__AIM OF THE TASK__
Every line below containing the word "Storage" should be found and copied.

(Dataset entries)
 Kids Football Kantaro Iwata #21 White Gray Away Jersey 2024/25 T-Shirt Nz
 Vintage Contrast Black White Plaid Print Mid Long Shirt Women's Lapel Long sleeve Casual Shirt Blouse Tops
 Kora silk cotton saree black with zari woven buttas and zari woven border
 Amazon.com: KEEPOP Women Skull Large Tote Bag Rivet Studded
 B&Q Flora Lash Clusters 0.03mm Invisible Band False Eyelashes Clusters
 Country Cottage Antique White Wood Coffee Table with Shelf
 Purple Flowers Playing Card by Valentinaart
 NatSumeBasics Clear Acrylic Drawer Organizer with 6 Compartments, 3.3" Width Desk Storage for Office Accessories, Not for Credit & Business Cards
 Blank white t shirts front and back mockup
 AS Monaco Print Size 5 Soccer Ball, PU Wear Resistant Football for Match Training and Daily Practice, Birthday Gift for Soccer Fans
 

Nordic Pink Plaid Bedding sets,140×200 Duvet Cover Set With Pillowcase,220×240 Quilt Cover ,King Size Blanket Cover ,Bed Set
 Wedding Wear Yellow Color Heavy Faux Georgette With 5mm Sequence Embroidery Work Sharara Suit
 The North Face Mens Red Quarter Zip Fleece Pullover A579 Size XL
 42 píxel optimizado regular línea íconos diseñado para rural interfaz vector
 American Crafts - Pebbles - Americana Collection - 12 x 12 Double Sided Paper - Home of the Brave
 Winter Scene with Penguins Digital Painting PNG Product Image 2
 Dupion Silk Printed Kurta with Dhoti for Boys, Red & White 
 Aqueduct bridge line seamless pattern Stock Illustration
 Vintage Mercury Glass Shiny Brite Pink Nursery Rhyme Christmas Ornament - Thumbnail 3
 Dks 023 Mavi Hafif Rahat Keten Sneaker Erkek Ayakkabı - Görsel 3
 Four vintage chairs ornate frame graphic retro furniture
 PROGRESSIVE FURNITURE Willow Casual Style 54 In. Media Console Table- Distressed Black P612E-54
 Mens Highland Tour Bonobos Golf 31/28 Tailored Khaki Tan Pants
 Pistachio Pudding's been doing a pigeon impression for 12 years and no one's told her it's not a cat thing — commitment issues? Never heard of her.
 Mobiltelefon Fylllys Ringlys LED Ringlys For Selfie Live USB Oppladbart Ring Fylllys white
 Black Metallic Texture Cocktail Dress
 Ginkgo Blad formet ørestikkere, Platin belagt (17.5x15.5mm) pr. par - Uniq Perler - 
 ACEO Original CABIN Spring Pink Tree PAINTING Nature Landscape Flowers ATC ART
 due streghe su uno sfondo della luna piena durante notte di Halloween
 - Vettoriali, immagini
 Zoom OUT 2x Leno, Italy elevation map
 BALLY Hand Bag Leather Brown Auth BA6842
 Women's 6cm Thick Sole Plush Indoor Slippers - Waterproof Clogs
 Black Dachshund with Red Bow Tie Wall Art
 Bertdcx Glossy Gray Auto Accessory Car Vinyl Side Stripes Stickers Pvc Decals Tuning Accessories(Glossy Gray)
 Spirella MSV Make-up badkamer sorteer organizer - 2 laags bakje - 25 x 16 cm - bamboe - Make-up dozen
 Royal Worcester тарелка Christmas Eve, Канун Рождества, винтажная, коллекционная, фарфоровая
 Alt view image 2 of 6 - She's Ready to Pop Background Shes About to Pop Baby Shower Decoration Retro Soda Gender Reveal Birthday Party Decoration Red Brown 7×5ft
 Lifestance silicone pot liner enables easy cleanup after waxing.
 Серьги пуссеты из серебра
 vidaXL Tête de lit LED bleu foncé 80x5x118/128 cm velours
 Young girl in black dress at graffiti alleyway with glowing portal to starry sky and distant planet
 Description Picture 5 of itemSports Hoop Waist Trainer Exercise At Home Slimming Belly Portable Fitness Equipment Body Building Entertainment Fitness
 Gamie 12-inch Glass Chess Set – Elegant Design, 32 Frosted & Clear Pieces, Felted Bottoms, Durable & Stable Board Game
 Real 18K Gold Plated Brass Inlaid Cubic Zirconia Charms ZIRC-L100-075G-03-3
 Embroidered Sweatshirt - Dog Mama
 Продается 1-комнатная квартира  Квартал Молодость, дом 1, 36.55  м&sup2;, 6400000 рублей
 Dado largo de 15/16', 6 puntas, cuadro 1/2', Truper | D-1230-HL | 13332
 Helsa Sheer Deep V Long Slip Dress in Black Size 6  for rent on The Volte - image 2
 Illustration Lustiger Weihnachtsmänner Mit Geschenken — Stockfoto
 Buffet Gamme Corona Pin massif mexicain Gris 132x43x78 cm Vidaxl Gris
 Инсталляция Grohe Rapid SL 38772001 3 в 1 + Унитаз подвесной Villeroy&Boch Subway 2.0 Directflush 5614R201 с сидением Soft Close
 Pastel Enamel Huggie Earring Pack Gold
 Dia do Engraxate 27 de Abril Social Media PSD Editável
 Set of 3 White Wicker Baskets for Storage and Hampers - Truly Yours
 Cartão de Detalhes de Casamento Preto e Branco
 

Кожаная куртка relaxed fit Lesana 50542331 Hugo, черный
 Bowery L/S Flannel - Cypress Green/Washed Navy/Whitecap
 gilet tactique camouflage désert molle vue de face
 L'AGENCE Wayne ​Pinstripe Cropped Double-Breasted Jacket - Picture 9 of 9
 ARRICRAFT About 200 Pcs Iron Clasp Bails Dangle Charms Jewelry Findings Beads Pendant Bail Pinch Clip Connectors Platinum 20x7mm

__SOLUTION FOR THIS TASK__
 NatSumeBasics Clear Acrylic Drawer Organizer with 6 Compartments, 3.3" Width Desk Storage for Office Accessories, Not for Credit & Business Cards
 Set of 3 White Wicker Baskets for Storage and Hampers - Truly Yours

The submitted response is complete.